→ WHAT YOU WILL DO: Pictures are not part of the copy; reproduce the remaining data exactly.

################

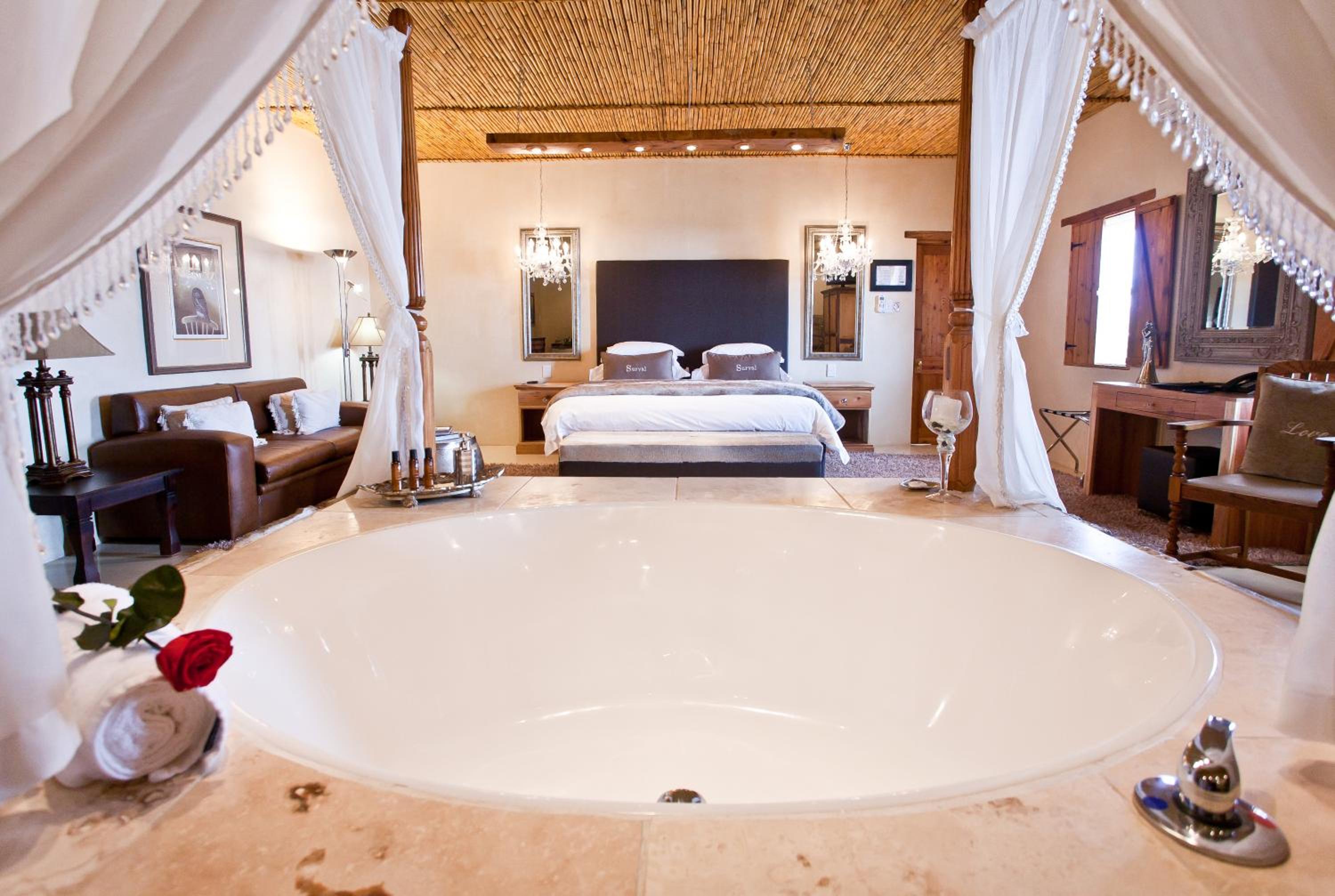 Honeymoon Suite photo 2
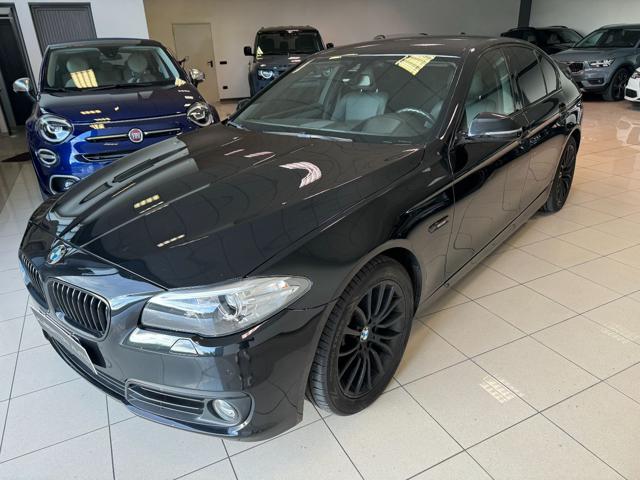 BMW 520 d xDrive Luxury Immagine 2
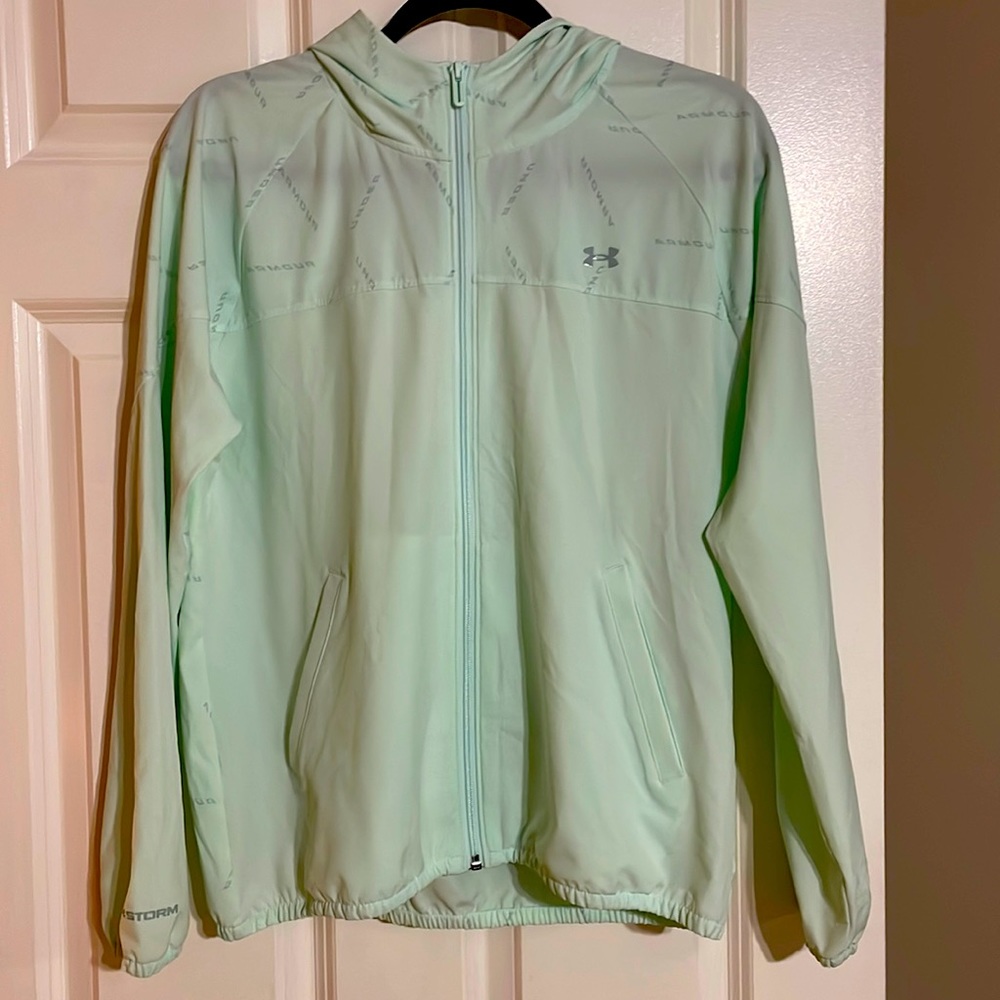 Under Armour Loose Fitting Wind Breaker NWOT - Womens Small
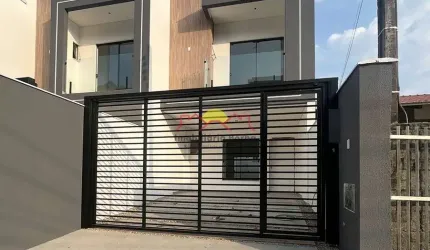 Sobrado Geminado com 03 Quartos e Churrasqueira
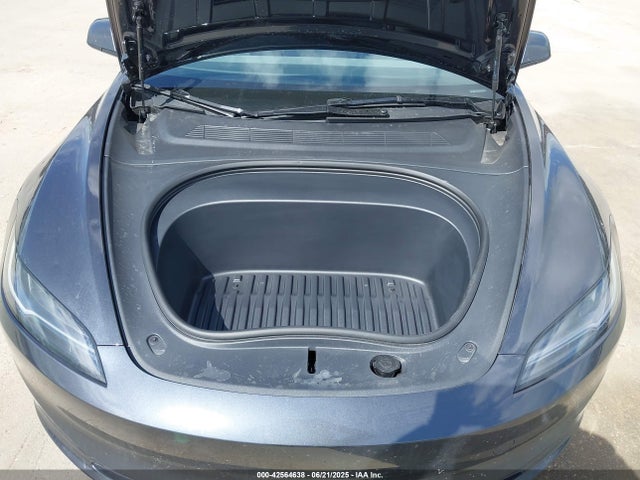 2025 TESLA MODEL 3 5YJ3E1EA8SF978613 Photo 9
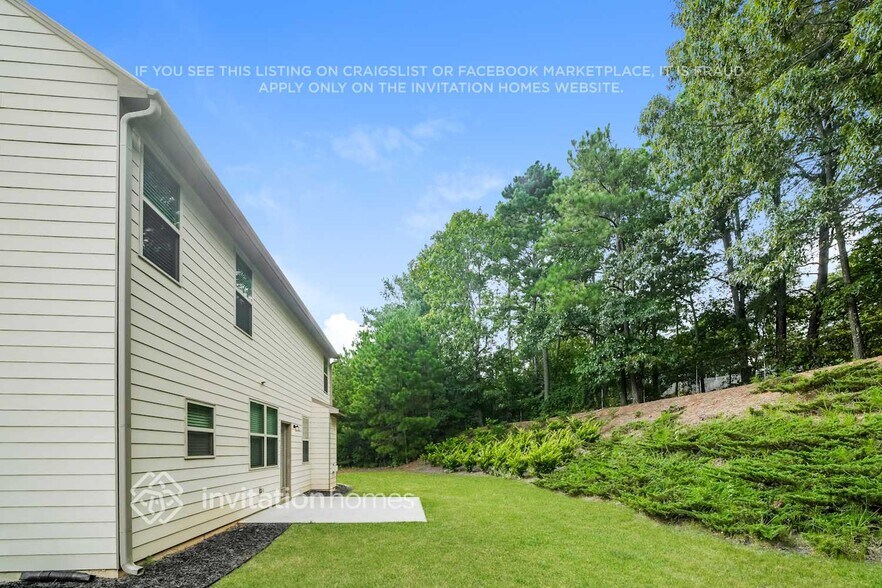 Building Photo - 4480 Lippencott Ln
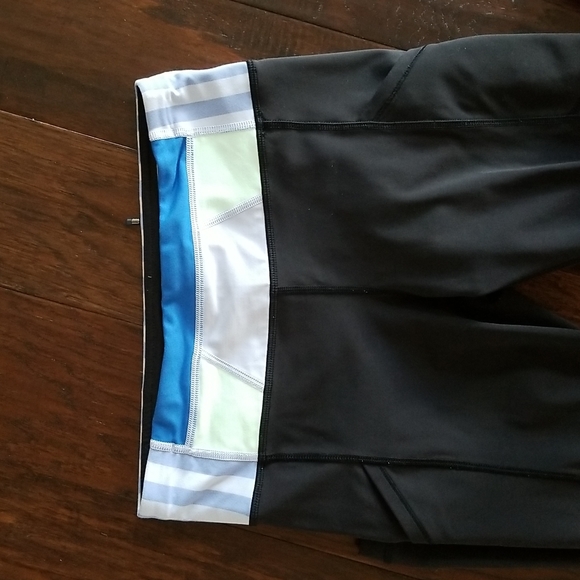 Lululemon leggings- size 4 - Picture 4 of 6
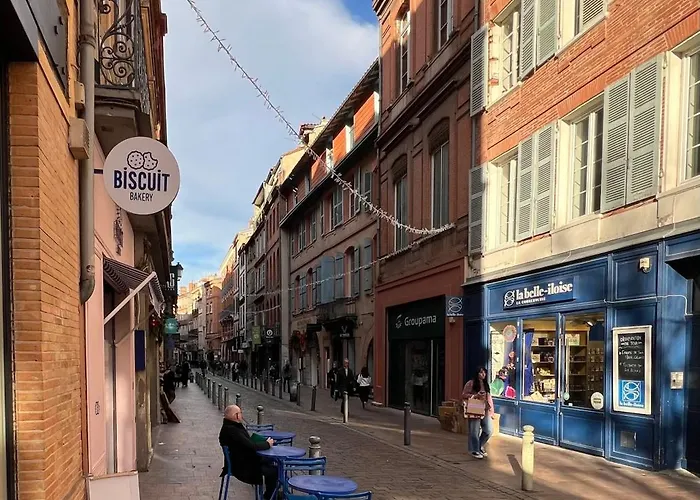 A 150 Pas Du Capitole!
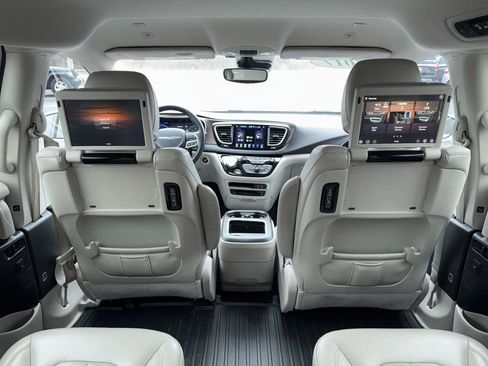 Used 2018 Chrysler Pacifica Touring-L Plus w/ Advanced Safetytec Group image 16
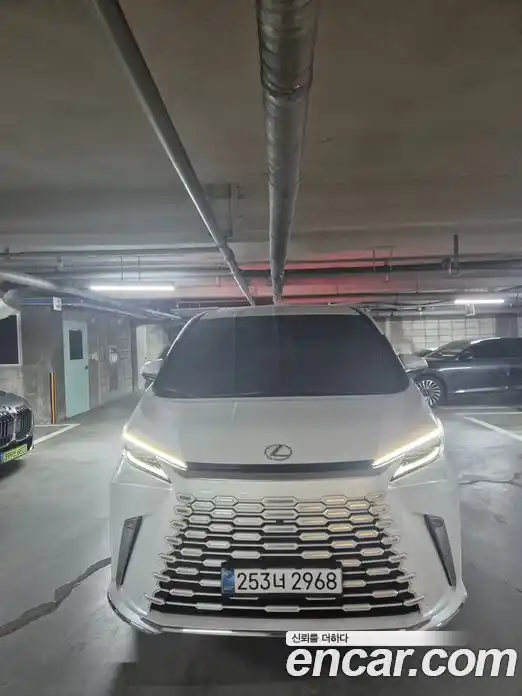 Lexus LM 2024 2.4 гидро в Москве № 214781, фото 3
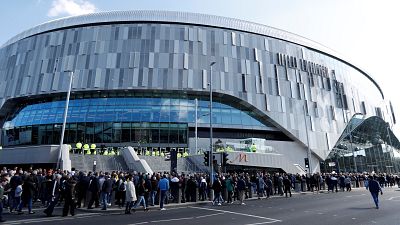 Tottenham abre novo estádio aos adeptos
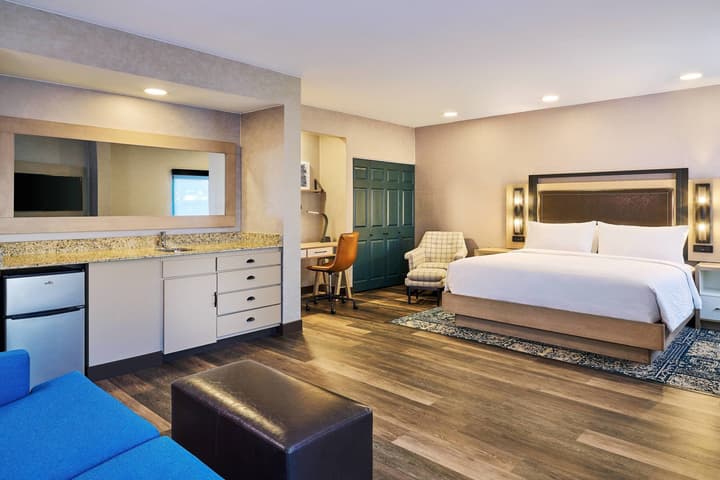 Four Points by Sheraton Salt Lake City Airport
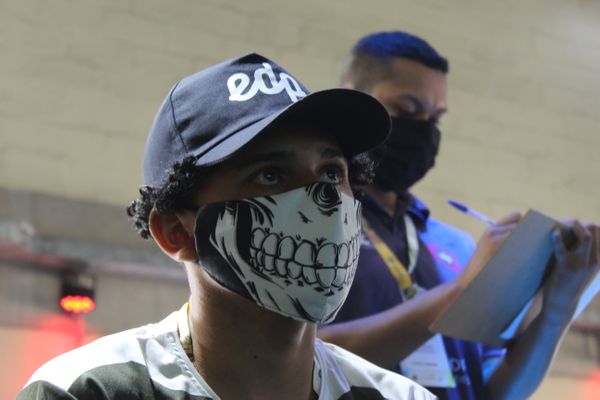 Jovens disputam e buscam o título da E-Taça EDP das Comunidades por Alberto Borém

################

→ SOLUTION FOR THIS EXERCISE:
 Honeymoon Suite photo 2
 BMW 520 d xDrive Luxury Immagine 2
 Under Armour Loose Fitting Wind Breaker NWOT - Womens Small
 Sobrado Geminado com 03 Quartos e Churrasqueira
 2025 TESLA MODEL 3 5YJ3E1EA8SF978613 Photo 9
 Building Photo - 4480 Lippencott Ln
 Lululemon leggings- size 4 - Picture 4 of 6
 A 150 Pas Du Capitole!
 Used 2018 Chrysler Pacifica Touring-L Plus w/ Advanced Safetytec Group image 16
 Lexus LM 2024 2.4 гидро в Москве № 214781, фото 3
 Tottenham abre novo estádio aos adeptos
 Four Points by Sheraton Salt Lake City Airport
 Jovens disputam e buscam o título da E-Taça EDP das Comunidades por Alberto Borém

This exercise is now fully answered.